Last year was the first time AMOs were reported. Under a federal waiver granted to Washington and other states, they replace measurements that were known as Annual Yearly Progress (AYP), designated under the federal No Child Left Behind Act.
AMOs are unique yearly targets in reading and math for each subgroup, school and school district in the state. They are derived by calculating “proficiency gaps” for all students and for 10 subgroups of students. Subgroups include students in special education, English language learners and racial groups.
The gap is the percentage-point difference between a group’s level of proficiency on state tests in the baseline year of 2011, and 100 percent proficiency. The federal waiver requires the state to cut proficiency gaps in half for all students, and all subgroups, by 2017.
For example, if a school starts with 60 percent of its white students meeting standard in 2011, then that subgroup would need 80 percent meeting standard by 2017. Only subgroups that have at least 20 students in a school are reported.
Possible federal penalties if a school does not meet its overall target in 2017 remain to be determined.
“The 2017 targets are realistic expectations for schools and subgroups, but they aren’t the end goals,” state Superintendent of Public Instruction Randy Dorn said in a news release Thursday. “It’s important that all students reach their full potential and we will not stop working to ensure that happens.”
Josh Garcia, deputy superintendent for Tacoma Public Schools, said that while AMOs are one measure, they do not gauge academic growth for specific students or groups of students.
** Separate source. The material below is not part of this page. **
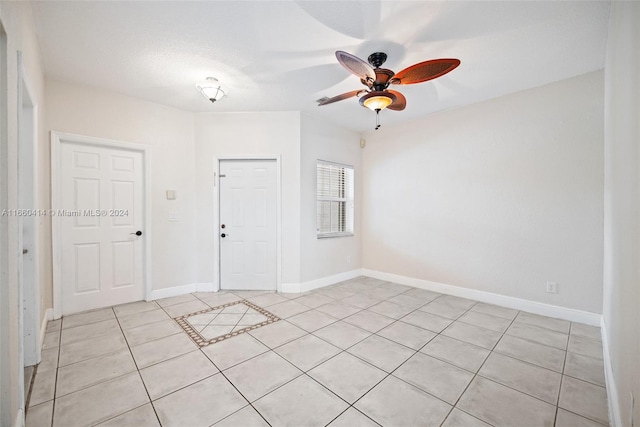 unfurnished room featuring ceiling fan, light tile patterned floors, and a textured ceiling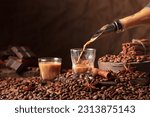 Small photo of Irish cream and coffee liquor is poured from a bottle into a glass. Coffee beans, cinnamon, anise, and pieces of bitter chocolate are scattered on the table.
For example, last year’s seventh graders are compared to the previous year’s seventh graders.
“These are different groups of kids every year,” he said. “It doesn’t tell us if individual kids are learning at a higher rate.”
Tacoma, Pierce County’s biggest school district, has 15 schools on the list announced Thursday. Garcia said results in Tacoma reflect statewide trends.
He said Tacoma is working to reverse those trends with several initiatives:
The district has opened more preschools in an effort to give low-income students and kids with special needs a boost before kindergarten; elementary schools are using report cards designed to show parents where specific learning gaps occur; and every school has been assigned an academic coach to help teachers.